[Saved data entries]
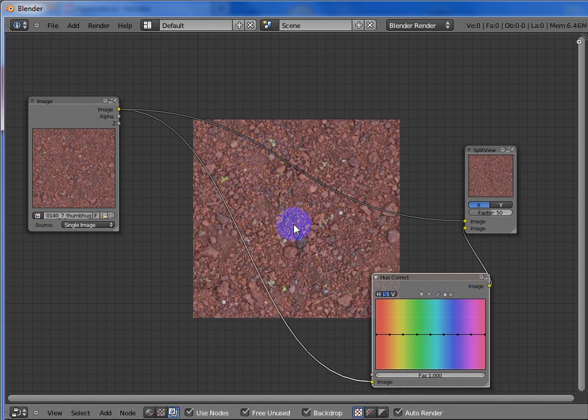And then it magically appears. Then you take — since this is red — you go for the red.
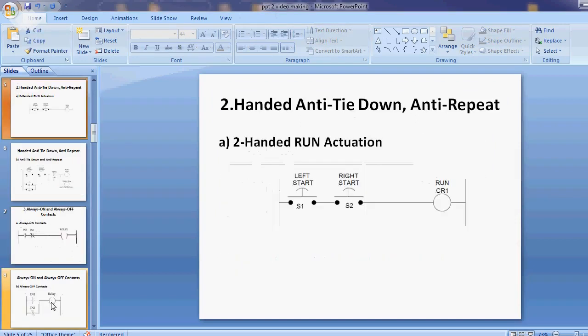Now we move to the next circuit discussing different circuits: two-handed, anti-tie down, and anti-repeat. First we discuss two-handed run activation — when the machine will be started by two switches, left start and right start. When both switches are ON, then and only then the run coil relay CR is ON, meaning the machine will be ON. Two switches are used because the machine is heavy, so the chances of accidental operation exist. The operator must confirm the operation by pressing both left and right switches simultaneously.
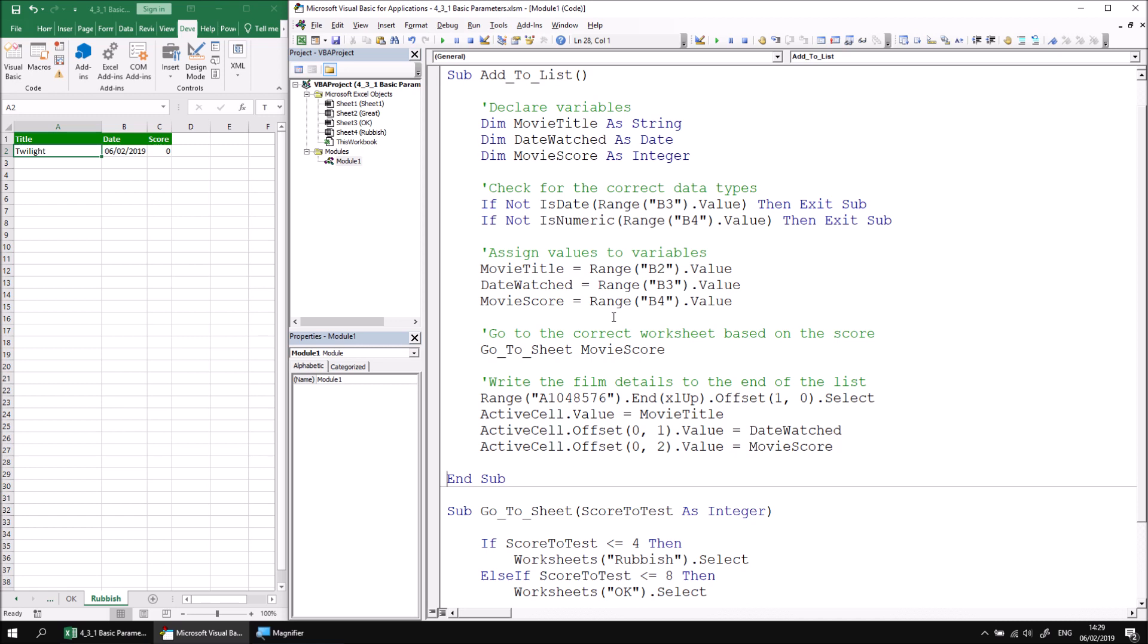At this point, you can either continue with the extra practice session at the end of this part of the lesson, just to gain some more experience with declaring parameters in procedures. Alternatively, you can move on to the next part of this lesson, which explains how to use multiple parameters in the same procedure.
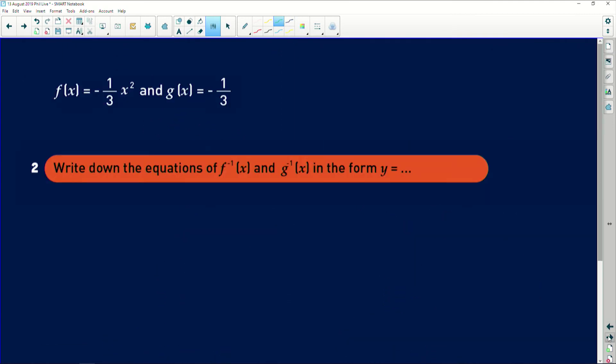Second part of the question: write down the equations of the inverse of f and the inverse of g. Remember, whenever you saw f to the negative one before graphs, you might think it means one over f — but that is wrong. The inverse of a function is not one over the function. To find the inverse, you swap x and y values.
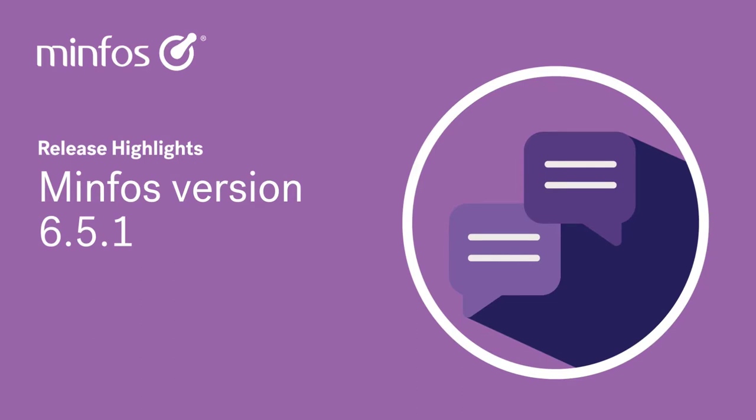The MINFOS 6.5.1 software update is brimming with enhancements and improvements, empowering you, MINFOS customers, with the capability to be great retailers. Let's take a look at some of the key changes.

...

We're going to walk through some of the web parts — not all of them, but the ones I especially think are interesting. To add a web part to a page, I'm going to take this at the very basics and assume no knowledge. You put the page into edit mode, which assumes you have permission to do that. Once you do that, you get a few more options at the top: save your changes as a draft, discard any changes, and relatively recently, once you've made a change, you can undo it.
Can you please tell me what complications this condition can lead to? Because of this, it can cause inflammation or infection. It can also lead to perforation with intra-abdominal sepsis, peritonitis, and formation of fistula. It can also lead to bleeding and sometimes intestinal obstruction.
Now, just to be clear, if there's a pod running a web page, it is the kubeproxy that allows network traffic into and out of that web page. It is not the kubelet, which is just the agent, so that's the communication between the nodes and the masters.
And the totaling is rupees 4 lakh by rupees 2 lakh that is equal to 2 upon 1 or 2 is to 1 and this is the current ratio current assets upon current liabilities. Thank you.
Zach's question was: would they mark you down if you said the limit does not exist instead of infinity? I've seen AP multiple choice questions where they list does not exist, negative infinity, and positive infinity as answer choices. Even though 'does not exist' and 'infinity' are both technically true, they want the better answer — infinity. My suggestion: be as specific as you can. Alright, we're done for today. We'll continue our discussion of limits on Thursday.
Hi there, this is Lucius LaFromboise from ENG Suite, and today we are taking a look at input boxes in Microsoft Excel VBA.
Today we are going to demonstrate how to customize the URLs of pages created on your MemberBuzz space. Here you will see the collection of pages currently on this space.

§ **Exercise directions**:
The lines in the records above that include the word "going" must be copied out.

§ **Expected output**:
We're going to walk through some of the web parts — not all of them, but the ones I especially think are interesting. To add a web part to a page, I'm going to take this at the very basics and assume no knowledge. You put the page into edit mode, which assumes you have permission to do that. Once you do that, you get a few more options at the top: save your changes as a draft, discard any changes, and relatively recently, once you've made a change, you can undo it.
Today we are going to demonstrate how to customize the URLs of pages created on your MemberBuzz space. Here you will see the collection of pages currently on this space.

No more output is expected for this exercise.